Figure 1.

Motility structure of archaea, archaellum (a) Electron micrograph of Halobacterium salinarum cell (left) and magnified image of archaella (right). Scale bars, 2 μm (left) and 0.1 μm (right). (b) Electron micrograph of Escherichia coli cell (left) and magnified image of flagella (right). Scale bars, 2 μm (left) and 0.2 μm (right). (c) The organization of archaella operon. Homologous genes are represented in the same colors. (d) The current model of archaellar motor. Pre-archaellin has a short signal sequence, and the polymerization proceed after removing this signal sequence by the signal peptidase FlaK/PibD in Euryarchaeota and PibD for Crenarchaeota.
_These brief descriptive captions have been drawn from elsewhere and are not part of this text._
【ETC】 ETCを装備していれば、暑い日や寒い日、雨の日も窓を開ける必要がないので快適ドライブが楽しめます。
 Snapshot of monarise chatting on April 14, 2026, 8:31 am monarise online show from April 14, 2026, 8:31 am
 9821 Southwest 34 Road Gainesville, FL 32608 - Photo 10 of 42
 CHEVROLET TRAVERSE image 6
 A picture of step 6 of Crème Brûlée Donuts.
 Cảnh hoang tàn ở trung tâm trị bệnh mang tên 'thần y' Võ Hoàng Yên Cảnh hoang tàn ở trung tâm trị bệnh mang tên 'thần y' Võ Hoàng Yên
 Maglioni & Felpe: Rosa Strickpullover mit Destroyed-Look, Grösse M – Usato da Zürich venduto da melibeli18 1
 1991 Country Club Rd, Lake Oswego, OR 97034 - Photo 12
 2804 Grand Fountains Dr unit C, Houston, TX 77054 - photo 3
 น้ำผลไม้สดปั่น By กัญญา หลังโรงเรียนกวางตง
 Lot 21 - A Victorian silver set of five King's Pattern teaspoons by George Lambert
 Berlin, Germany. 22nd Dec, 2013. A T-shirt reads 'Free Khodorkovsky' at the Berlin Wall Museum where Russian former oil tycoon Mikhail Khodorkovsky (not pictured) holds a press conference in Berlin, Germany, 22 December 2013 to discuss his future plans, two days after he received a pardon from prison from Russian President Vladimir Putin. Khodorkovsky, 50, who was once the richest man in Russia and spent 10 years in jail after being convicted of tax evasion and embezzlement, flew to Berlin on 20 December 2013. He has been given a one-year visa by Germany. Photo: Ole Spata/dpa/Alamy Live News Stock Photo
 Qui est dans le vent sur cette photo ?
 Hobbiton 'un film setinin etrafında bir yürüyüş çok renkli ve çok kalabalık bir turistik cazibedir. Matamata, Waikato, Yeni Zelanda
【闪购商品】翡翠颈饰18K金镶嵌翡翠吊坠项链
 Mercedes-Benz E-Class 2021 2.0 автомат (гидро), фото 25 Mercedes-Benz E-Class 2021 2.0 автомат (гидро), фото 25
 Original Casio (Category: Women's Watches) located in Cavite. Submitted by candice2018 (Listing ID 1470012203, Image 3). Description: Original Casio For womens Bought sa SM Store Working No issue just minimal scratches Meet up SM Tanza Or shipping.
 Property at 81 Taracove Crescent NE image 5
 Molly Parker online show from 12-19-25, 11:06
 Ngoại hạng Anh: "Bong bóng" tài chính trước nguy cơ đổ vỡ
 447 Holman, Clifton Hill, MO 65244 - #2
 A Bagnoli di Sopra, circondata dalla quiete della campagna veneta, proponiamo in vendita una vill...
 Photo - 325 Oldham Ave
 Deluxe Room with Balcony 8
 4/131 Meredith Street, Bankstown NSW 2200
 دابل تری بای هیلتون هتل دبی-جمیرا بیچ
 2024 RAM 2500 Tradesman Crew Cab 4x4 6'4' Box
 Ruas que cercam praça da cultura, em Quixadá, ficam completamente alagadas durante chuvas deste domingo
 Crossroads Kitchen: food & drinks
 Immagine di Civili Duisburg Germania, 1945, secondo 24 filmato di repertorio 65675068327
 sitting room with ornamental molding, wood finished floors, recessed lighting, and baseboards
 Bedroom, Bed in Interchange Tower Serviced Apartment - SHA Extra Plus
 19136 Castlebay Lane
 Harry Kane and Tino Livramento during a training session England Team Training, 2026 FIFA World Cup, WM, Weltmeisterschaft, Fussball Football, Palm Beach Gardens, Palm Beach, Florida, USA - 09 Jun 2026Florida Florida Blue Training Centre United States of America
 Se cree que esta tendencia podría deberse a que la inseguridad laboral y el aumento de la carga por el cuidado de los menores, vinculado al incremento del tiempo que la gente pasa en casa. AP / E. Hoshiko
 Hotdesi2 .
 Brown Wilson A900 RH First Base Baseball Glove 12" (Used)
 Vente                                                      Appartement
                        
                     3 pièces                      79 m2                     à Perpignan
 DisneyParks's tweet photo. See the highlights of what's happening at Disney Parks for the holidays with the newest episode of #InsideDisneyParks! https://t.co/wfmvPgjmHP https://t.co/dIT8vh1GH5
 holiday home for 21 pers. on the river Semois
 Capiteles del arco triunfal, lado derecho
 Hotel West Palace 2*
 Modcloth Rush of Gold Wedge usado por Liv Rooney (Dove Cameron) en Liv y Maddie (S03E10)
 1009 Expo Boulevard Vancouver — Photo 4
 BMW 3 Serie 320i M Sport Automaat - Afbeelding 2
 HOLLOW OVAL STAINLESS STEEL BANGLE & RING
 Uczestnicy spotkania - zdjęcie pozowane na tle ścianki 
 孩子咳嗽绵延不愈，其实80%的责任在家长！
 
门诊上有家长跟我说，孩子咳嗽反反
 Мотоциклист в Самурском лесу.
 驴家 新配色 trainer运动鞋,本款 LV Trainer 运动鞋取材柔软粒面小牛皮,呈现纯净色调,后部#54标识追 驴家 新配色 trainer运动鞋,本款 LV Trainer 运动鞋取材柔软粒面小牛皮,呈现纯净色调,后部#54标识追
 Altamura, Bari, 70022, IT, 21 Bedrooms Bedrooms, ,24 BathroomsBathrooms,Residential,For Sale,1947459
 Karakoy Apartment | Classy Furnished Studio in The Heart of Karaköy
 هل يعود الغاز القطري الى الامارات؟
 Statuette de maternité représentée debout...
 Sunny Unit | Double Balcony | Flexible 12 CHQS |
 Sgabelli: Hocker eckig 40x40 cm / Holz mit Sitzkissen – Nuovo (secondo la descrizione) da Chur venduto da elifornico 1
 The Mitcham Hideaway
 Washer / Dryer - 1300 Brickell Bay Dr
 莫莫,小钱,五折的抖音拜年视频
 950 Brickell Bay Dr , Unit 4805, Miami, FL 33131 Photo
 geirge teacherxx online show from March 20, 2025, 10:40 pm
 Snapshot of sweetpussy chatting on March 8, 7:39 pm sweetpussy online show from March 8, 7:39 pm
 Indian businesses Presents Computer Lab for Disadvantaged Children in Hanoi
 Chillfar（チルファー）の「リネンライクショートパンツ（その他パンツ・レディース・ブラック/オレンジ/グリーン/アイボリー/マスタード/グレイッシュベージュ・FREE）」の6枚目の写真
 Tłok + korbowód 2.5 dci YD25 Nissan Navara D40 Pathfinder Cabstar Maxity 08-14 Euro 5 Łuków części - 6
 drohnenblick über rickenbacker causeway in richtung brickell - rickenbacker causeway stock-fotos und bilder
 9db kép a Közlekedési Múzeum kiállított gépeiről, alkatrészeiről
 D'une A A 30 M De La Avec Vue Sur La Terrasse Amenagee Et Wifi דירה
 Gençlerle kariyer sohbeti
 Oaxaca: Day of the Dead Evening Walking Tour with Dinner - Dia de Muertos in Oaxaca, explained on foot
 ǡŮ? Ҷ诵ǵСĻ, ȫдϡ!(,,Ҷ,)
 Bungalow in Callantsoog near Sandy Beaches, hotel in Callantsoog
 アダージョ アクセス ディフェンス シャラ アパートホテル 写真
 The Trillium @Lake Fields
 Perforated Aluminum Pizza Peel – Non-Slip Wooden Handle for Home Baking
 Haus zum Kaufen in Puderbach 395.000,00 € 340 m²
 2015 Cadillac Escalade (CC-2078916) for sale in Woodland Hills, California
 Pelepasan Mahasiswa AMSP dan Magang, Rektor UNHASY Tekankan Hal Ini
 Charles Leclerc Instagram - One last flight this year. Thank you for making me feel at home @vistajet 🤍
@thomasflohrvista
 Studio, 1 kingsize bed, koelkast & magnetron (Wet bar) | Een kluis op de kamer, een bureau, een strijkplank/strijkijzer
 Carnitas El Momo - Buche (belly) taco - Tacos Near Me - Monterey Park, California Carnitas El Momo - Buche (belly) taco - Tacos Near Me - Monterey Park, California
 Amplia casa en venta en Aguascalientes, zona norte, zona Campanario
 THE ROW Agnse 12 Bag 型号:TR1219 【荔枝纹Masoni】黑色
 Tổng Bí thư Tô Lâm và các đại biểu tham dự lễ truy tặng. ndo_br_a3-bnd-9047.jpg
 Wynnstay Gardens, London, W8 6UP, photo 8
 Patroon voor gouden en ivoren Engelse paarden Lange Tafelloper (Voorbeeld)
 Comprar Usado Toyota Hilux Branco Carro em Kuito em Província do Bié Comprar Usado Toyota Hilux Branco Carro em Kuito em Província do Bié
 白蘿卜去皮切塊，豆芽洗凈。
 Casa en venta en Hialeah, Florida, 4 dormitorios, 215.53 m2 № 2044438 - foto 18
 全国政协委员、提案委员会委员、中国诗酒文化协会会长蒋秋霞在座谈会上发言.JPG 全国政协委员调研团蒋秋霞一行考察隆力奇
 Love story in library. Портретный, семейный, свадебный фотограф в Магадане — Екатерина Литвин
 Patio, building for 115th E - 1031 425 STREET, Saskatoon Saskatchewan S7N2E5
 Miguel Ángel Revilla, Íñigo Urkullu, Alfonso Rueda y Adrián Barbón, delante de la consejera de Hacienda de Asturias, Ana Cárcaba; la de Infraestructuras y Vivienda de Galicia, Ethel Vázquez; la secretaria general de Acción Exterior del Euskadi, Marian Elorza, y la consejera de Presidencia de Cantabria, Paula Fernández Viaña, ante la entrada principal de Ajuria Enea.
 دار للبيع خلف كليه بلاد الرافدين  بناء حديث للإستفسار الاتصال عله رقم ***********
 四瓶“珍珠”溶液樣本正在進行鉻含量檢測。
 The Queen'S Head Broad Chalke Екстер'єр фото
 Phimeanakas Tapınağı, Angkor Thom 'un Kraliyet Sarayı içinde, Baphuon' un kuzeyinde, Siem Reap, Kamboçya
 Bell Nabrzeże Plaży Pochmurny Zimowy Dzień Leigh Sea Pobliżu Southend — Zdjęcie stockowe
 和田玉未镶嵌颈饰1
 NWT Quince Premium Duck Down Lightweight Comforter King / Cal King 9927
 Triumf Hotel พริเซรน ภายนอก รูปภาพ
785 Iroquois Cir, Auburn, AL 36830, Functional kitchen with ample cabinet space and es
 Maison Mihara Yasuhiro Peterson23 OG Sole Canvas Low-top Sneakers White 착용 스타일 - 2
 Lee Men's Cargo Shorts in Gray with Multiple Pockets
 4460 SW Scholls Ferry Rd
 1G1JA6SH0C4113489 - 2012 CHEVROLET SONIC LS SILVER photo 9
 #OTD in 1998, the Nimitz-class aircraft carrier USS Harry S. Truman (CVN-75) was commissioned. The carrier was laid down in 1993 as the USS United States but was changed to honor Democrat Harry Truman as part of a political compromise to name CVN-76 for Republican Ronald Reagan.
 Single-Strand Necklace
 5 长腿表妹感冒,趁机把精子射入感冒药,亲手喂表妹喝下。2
In Crenarchaeota, archaellar filament is composed of a single archaellin, FlaB, whereas Euryarchaeota possess the several archaellin genes, flaA or flaB. FlaB3 might play role of hook in Euryarchaeota. Motor is composed of a conserved the membrane protein (FlaJ), the hexametric ATPase (FlaI) and the regulator of ATPase activity (FlaH). The C-terminal domain of FlaI contains the Walker A and B motif for ATP-binding and hydrolysis, and its ATPase activity is essential for not only archaellum assembly and rotation. Nine to ten FlaH molecules assemble in a ring complex and regulates the ATPase activity of FlaI. In addition, Euryarchaeota form FlaC/D/E for motor complex, whereas Crenarchaeota possess FlaX instead. FlaC/D/E play a role for the control of rotational direction by interacting with Che proteins.